Monday, September 23, 2019

Growth does not pay for itself

The Villages proves the big Florida lie: Growth does not pay for itself | Editorial


By ORLANDO SENTINEL EDITORIAL BOARD
ORLANDO SENTINEL |
SEP 18, 2019 | 6:00 AM




The houses are crowded together at The Villages retirement community. (STEPHEN M. DOWELL / ORLANDO SENTINEL)



The Villages is the fastest-growing metro area in the nation.

In. The. Nation.

If growth pays for itself, as we’ve so often heard in Central Florida, then local governments like Sumter County — the epicenter of The Villages’ development — must be swimming in cash.

Instead, it’s acting like a government drowning in the costs of growth.

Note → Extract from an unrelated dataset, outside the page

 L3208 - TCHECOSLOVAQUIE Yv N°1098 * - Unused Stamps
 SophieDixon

Sumter is so desperate for money that its five Republican county commissioners look ready to vote next week for a whopping 25.6% increase in the current property tax rate. (We’ll leave to your imagination the reaction if a group of elected Democrats proposed such an increase.)

The county concedes in its own budget documents that the main culprit for this tax increase is the breakneck rate of growth tied to The Villages’ success.

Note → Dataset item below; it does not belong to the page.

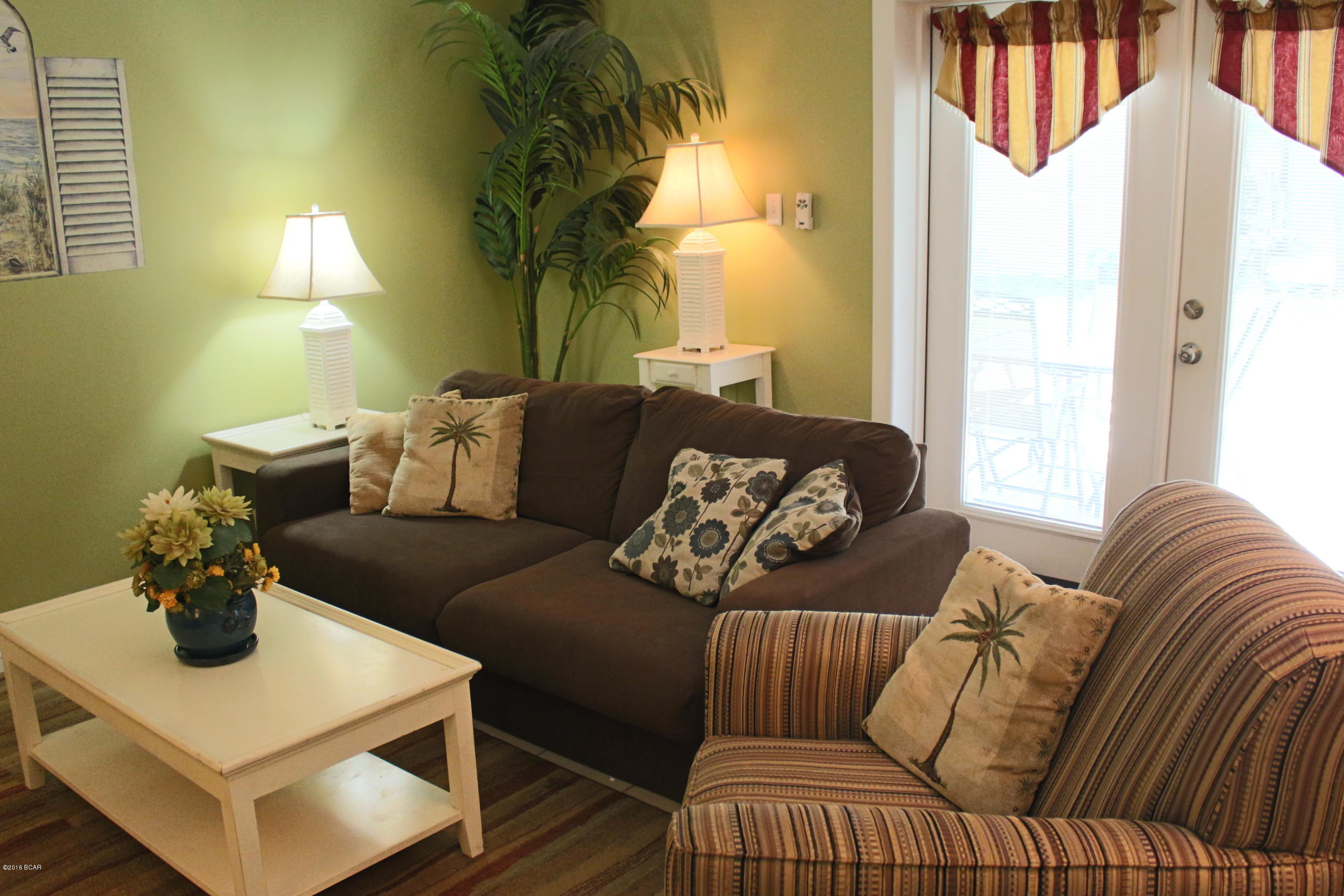 Horizon South I - Residential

From July 2018 through June 2019, The Villages added 2,100 new homes, and several hundred others were built outside the retirement community. The county added 159 new commercial buildings with more than 2.5 million square feet of business space.

Even without a property tax increase, Sumter would rake in millions more than the previous year. It’s still not enough.

The county needs even more money to hire deputies, build fire stations and, particularly, to build roads that The Villages must have to continue its relentless march south. The development designed for retirees already is home to 128,000 people, an increase of nearly 40% in less than 10 years, and it has plans for tens of thousands more rooftops south of State Road 44 and Florida’s Turnpike.

It doesn’t help when governments like Sumter refuse to raise taxes until they reach a tipping point, which Sumter apparently has.

According to Florida TaxWatch, Sumter’s various governments in 2017-18 collectively averaged the fourth-lowest property tax rate in Florida. That’s a real selling point until you tell people they’re going to get slapped with a nearly 26% bump in their tax bill in a single year.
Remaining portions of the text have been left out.